Editorial Note: The following account of the Convention's first day was almost certainly written by the editor and publisher of the Spy, John Milton Earle. Sarah Earle, who called the Convention to order, was his wife. The story did not mention his wife's key role. It does provide some information about the size of the crowds seeking to attend and about the newspaper rivalries of the day.
The Massachusetts Spy, October 30, 1850 (P. 2)

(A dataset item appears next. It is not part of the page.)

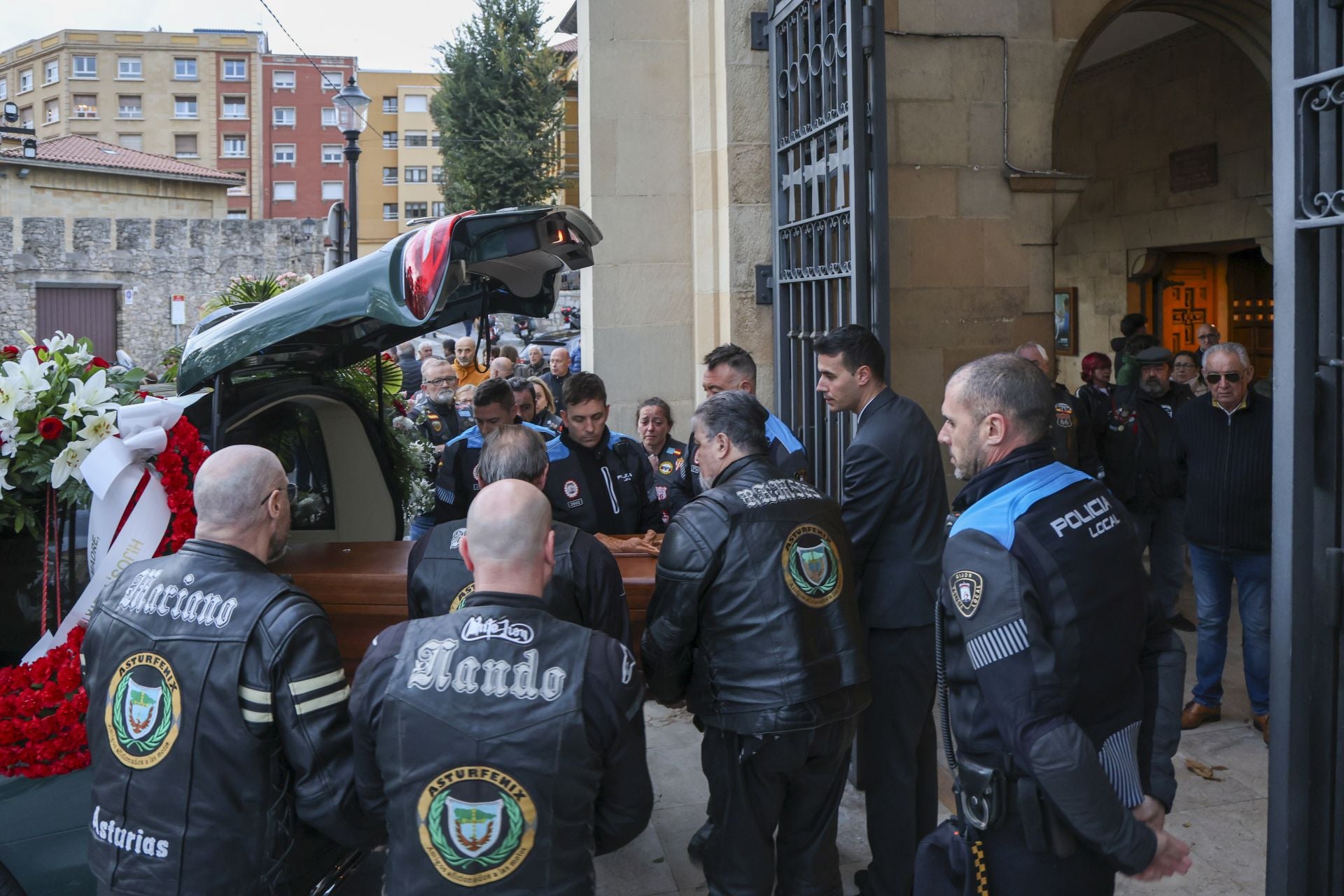 Multitudinario adiós en Gijón al Policía Local Gilberto González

The Convention called "to consider the question of Woman's Rights, Duties, and Relations, assembled at Brinley Hall, Wednesday morning, and was temporarily organized by the appointment of Joseph C. Hathaway, of New York, as Chairman, and Eliza J. Kenney of Salem, as Secretary. A Committee was then appointed on the permanent organization, which retired, and, subsequently, reported the following list of officers:
PAULINA W. DAVIS, of Providence.
For Vice Presidents,
Wm. H. Channing of New York; Sarah Tyndale, of Pennsylvania
Hanah M. Darlington, Joseph C. Hathaway, of New York.
The report was accepted and the officers therein named duly appointed.

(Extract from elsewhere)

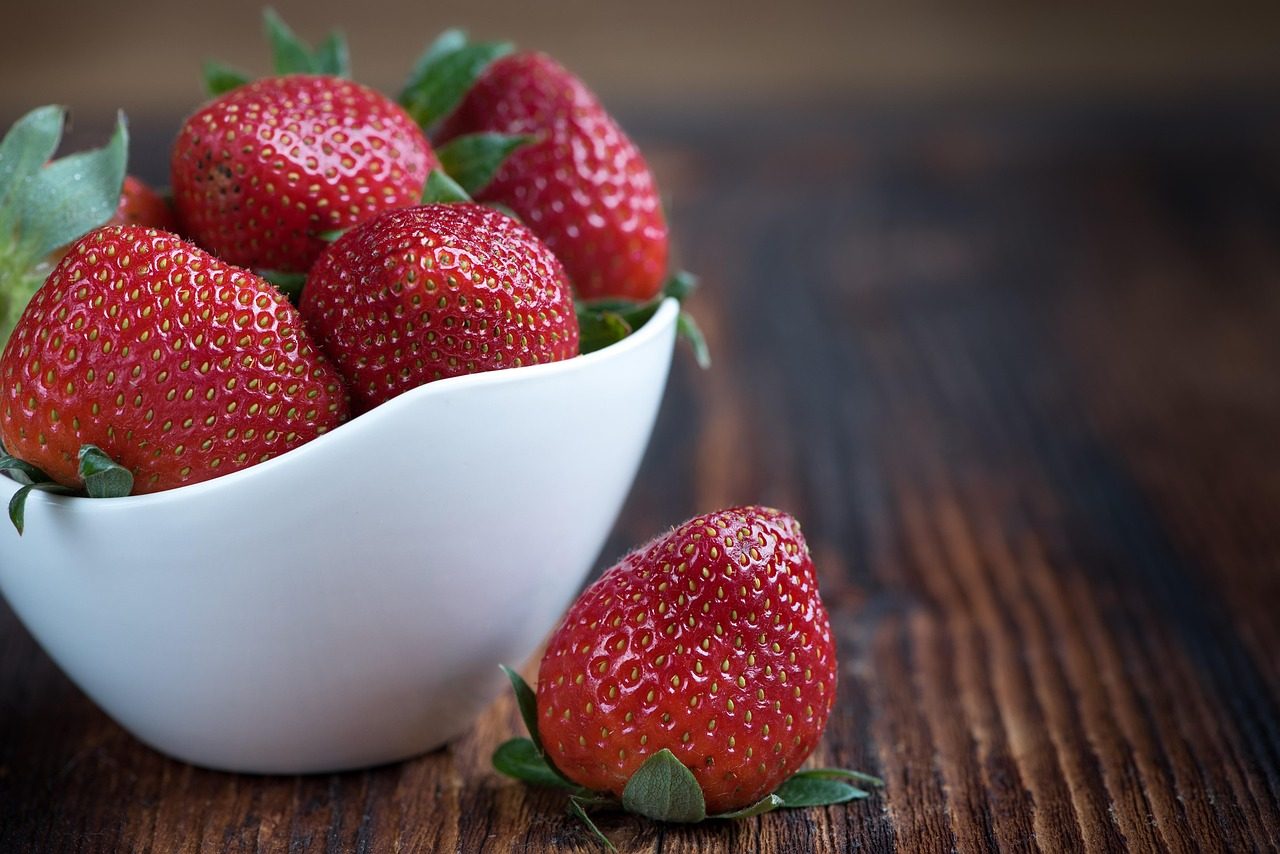 Zelené smoothie v pohári s čerstvými bylinkami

A vote was then passed, instructing the same committee to nominate a Business Committee, which duty was subsequently performed, and the persons reported were constituted the Business Committee.
On taking the chair, the President read an address, in which the objects which ought to claim the attention of the Convention were set forth, and the means of their accomplishment discussed. The address was elaborate, evincing much and deep reflection, and was written with great clearness and even elegance of style. As a mere literary compostion, it was very creditable to the author.

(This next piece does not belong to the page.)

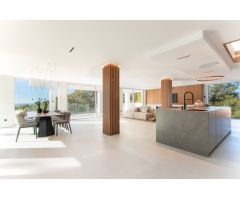 VILLA DE OBRA NUEVA EN SANTA PONSA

Lucretia Mott, of Philadelphia, took the stand, and alluding to some remarks in the address of the President, expressed a fear that they might be considered as not taking a stand sufficiently high and decided, and urged that the whole truth in relation to the disabilities and wrongs under which women suffer, should be plainly, freely, and yet kindly spoken.
When the Business Committee were out, letters were read from Elizur Wright, Editor of the Boston Chronotype, and E.A. Lakins, L.A. Hine, and Elizabeth Wilson, all, we believe of Ohio, expressing severally the interest felt in the objects of the Convention.
In the afternoon, the business committee reported a resolution which opened the whole subject matter, for which the convention was convened, for discussion. Very able speeches were made by several members of the convention, the first of which was read by Abby Price of Hopedale, in this county, and another, extemporaneous, by Mrs. Rose of New York, who we learn, was by birth a Polish Jewess. Both were decidedly good speeches, and no one could listen to them without respect for the talents of the speakers, whatever they might think of the merits of the cause. The latter [the Rose speech] was a strong, compact, and lucid argument delivered in a manner that few practised public speakers can equal. At dusk the convention adjourned till evening.
During the afternoon the Hall was densely crowded, and numbers went away for want of accommodation. An attempt was made to procure the City hall for the evening, but the lamps had been removed for the purpose of putting up gas fixtures.
This body continued its sessions at Brinley Hall Thursday, through the day and evening. The Hall was crowded, even in the morning session, and great interest was manifested in the proceedings throughout. We have known no convention or other public meeting held in this city, where all the exercises were conducted with more decorum or in better spirit, or where the whole of the speaking has been more uniformly able and unobjectionable. We confess ourselves agreeably disappointed in this respect, for we had not looked for such a display of forensic talent as we witnessed in the female speakers especially. We presume that some of the addresses will be published, and we regret that there was not a good phonographic reporter present, for some of the speeches which were the most effect, because entirely impromptus, and called forth by the incidents of the moment, were well worthy of being reported, and no abridged sketch can do justice to them.
We can say no less than this, in justice to the convention, and we are the more ready to say it, as we have seen an exceedingly scurrillous article upon the subject in the Boston Mail. The article is a very poor imitation of Bennett's Herald, exhibiting all the low vulgarity of that print without any of its wit or humor. It is an article which no man with the feelings of a gentleman could have written, and which no paper with any regard to its character with respectable people, would have published. The Boston Journal gives a very fair report of the first days' proceedings. We understand that the Chronotype has done the same, but have not had the opportunity to examine it.